_Given records_
▼

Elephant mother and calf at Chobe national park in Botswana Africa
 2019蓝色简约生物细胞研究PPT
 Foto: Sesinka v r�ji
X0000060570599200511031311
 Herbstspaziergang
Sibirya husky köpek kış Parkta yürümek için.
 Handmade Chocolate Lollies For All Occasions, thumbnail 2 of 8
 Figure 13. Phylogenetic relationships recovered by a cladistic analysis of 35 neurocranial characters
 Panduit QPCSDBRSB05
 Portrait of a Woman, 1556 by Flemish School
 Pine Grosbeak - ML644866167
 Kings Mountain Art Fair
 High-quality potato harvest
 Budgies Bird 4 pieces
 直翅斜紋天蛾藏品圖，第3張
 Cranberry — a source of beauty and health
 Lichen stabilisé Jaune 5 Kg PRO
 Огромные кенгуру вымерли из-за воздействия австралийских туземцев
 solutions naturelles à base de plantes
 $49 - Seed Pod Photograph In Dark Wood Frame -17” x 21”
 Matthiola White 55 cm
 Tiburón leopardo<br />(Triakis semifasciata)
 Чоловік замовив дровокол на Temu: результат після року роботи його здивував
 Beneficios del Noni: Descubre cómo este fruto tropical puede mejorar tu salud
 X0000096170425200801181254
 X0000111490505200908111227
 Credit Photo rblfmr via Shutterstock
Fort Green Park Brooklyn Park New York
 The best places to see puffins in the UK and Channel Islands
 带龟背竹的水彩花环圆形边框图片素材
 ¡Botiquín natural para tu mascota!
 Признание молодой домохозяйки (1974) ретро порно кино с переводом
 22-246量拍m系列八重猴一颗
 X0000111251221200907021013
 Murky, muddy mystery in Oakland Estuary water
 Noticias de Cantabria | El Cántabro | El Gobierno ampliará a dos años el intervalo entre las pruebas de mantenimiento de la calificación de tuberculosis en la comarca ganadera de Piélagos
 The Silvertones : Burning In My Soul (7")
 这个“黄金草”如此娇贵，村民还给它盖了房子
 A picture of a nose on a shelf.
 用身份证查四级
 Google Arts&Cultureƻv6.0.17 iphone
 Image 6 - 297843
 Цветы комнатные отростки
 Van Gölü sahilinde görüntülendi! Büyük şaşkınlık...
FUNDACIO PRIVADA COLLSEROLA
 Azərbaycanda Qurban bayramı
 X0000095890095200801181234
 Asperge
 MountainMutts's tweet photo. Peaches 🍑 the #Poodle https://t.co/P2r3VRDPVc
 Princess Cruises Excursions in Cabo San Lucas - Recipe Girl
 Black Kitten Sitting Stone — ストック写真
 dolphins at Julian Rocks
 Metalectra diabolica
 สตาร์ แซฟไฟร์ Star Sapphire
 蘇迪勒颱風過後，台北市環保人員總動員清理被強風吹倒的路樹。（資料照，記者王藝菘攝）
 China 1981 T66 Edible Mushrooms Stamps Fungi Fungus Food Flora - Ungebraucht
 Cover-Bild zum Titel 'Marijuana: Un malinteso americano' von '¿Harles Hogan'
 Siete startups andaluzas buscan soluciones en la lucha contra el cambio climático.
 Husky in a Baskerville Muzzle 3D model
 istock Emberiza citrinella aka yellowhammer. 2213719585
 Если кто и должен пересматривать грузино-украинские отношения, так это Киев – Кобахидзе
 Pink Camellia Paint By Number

▲

_What to work on_
What are the lines from the one with "Если кто и должен" through the last line of the records above? Quote them exactly and add nothing.

_Task answer_
 Если кто и должен пересматривать грузино-украинские отношения, так это Киев – Кобахидзе
 Pink Camellia Paint By Number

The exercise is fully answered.